What you return must match, exactly, the lines running from the one containing "Cake Slice Size Chart" to the end of the data, both included, and must contain no pictures.

· · · · · · ·

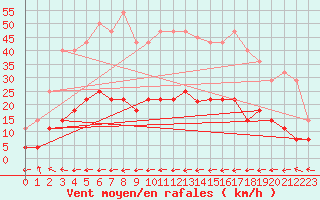 Courbe de la force du vent pour Evanger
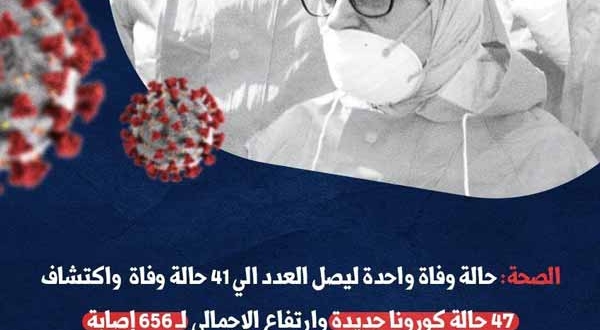 احمي نفسك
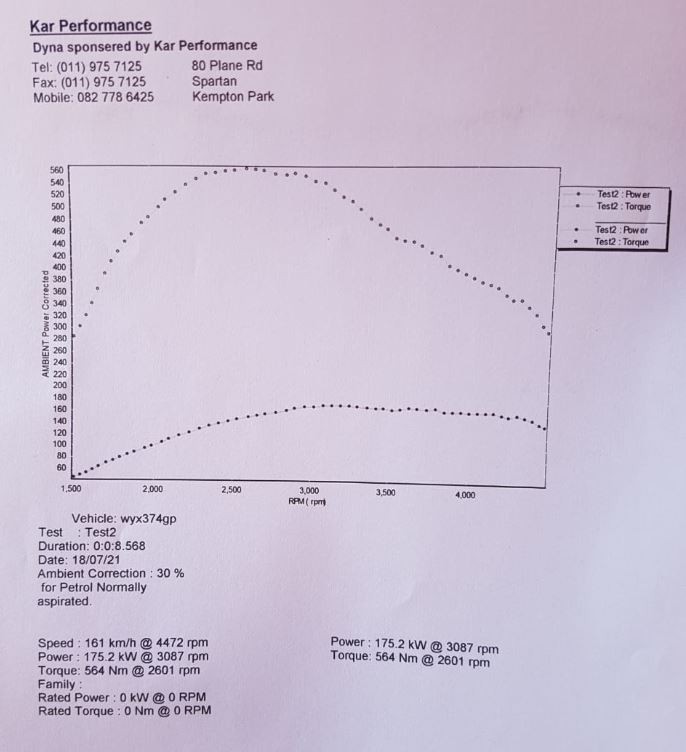 dyno run 1_7157728080.jpg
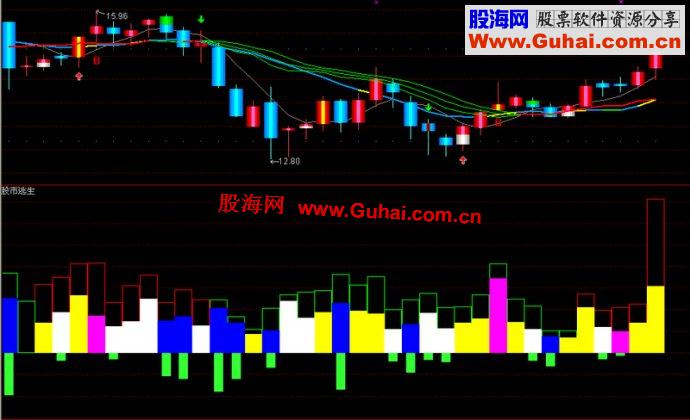 通达信股市逃生的好副图指标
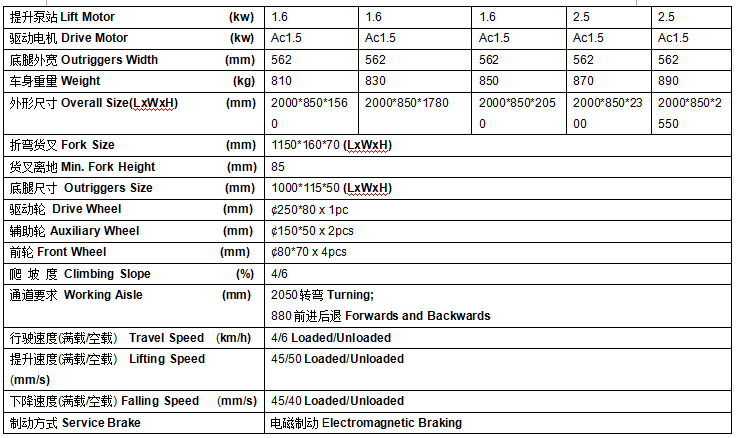 QQ截圖20170403093631 QQ截圖20170403093631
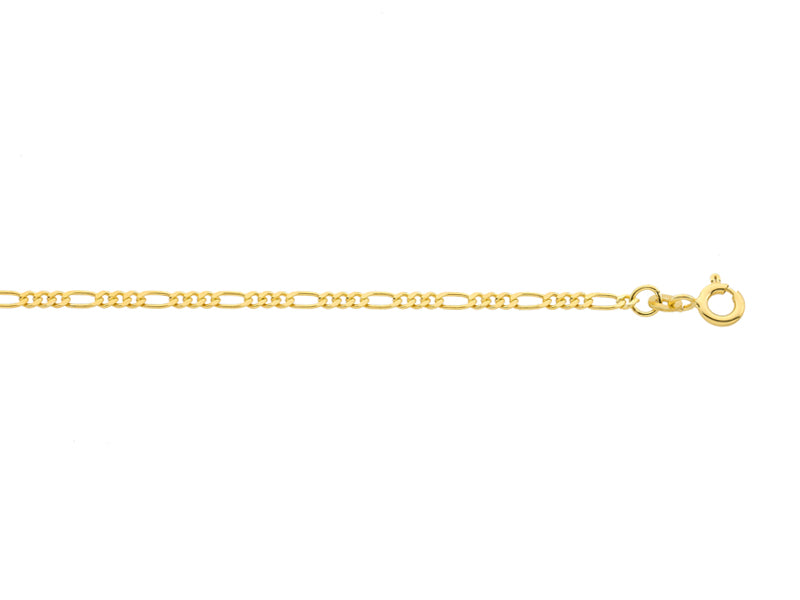 Figaro chain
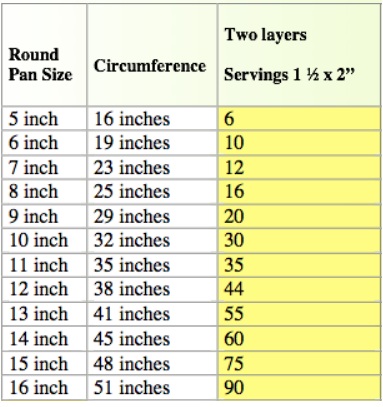Cake Slice Size Chart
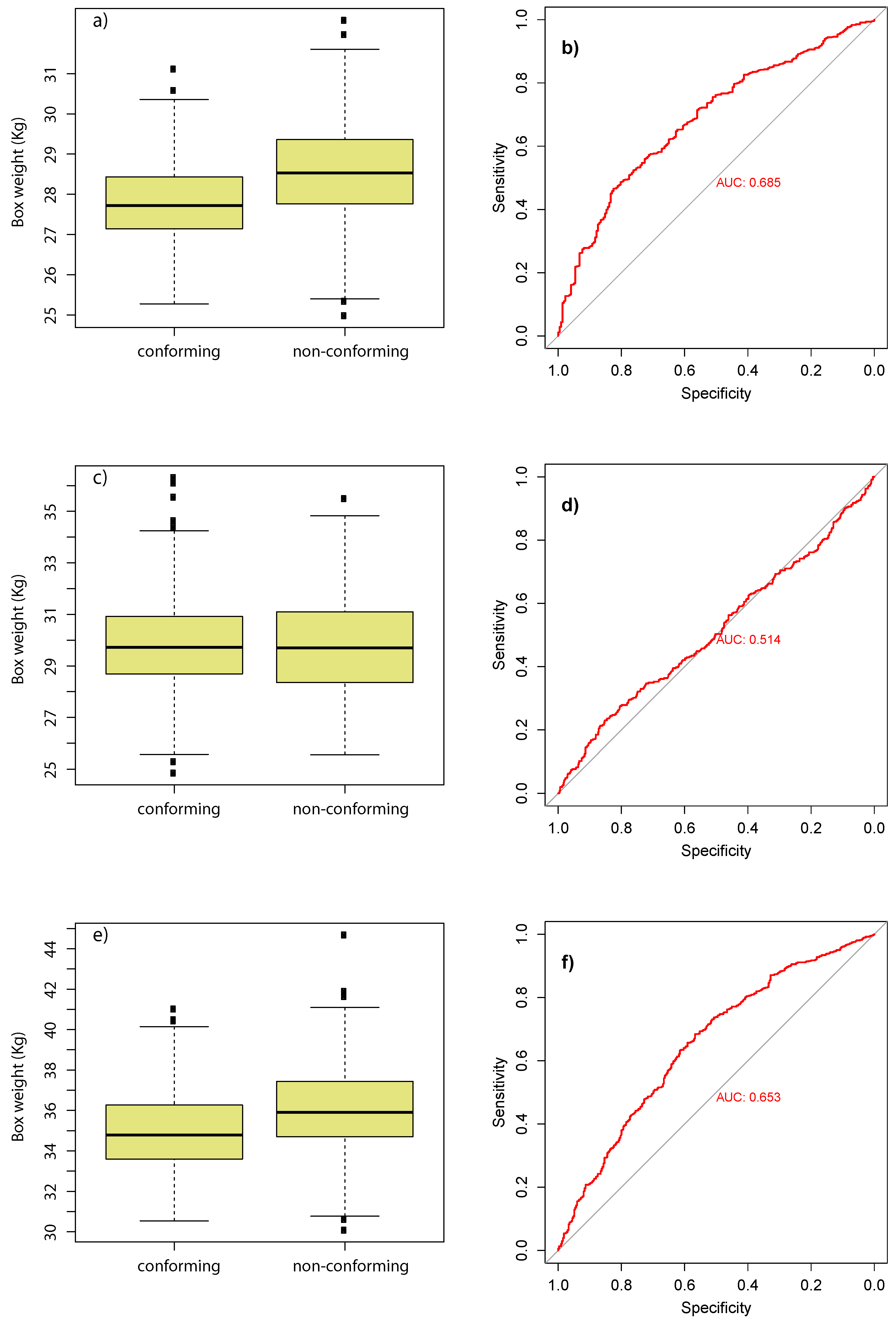 Jmse 08 00102 g005 Jmse 08 00102 g005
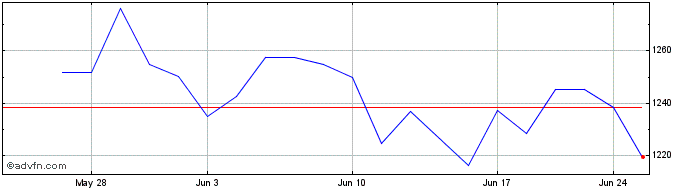 1 Month OMX Stockholm Insurance PI  Price Chart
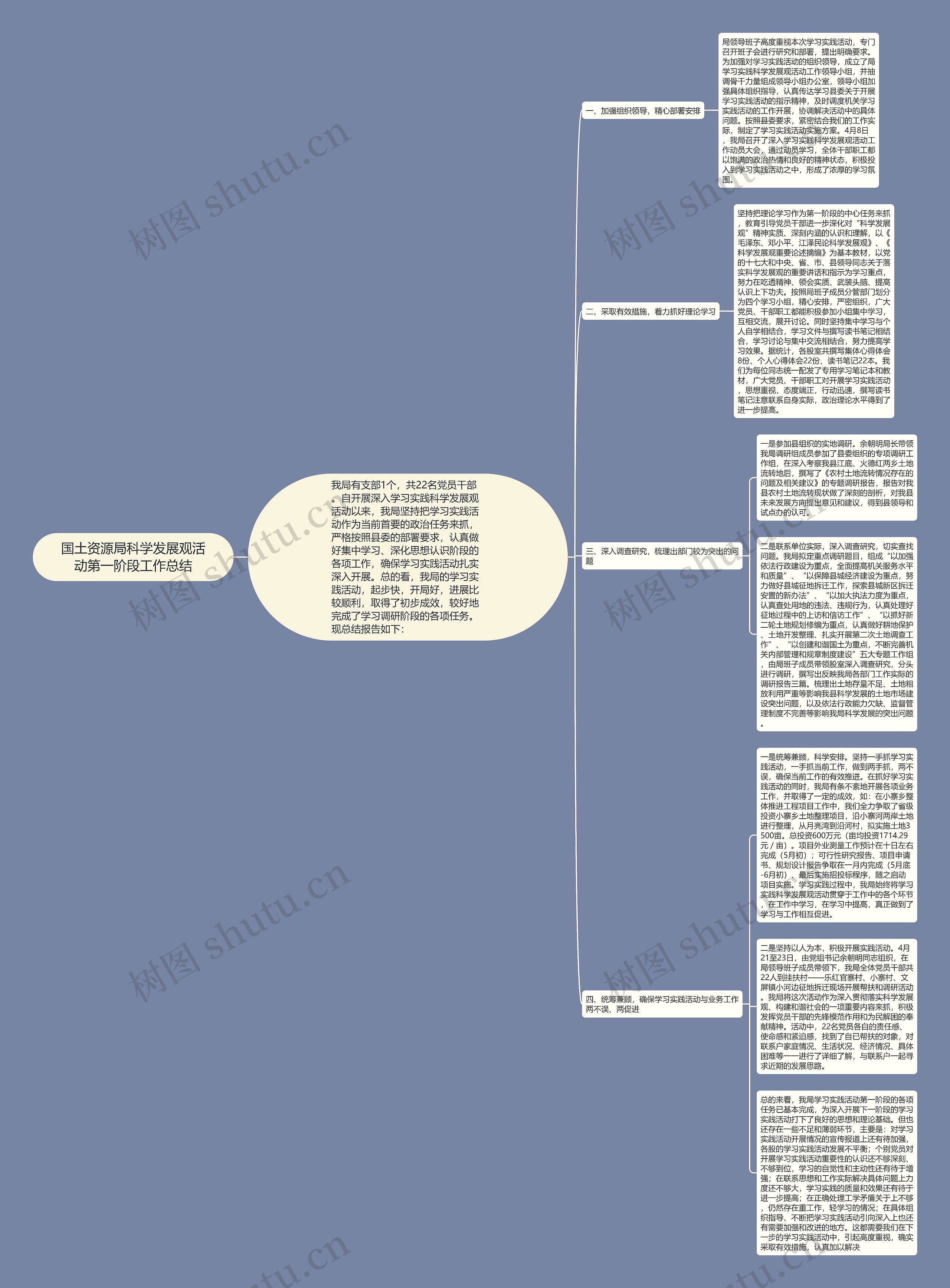 国土资源局科学发展观活动第一阶段工作总结思维导图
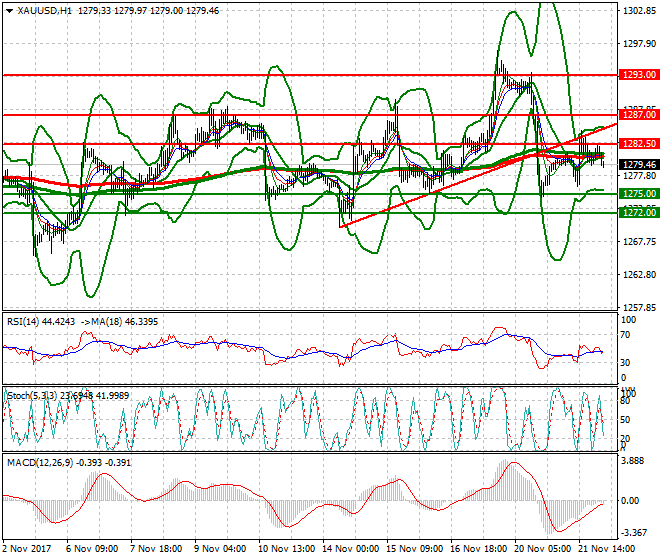 Gold Intra-day Analysis 22 Nov 2017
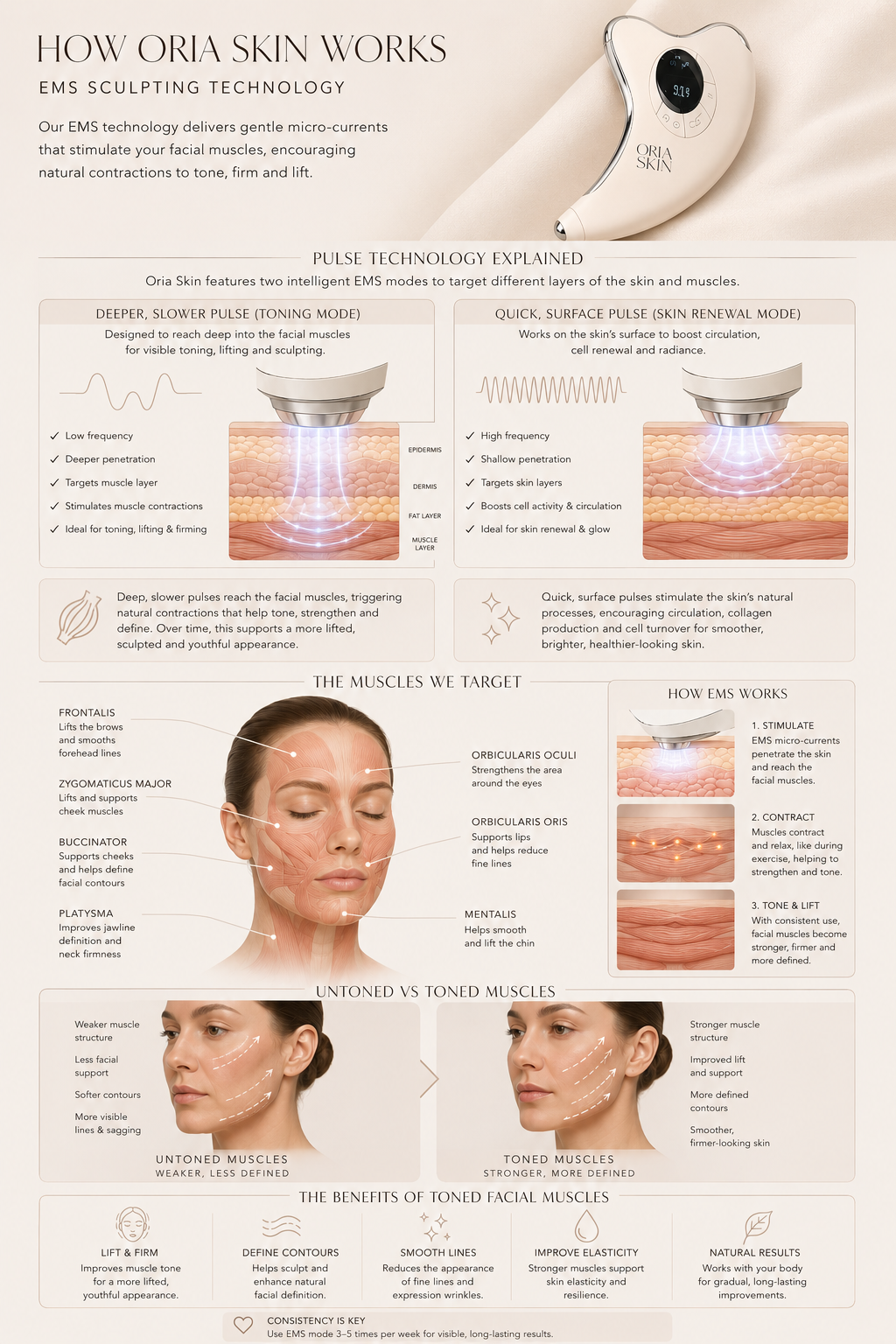 Ultra Face Lift Tool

· · · · · · ·

> EXERCISE RESPONSE
Cake Slice Size Chart
 Jmse 08 00102 g005 Jmse 08 00102 g005
 1 Month OMX Stockholm Insurance PI  Price Chart
 国土资源局科学发展观活动第一阶段工作总结思维导图
 Gold Intra-day Analysis 22 Nov 2017
 Ultra Face Lift Tool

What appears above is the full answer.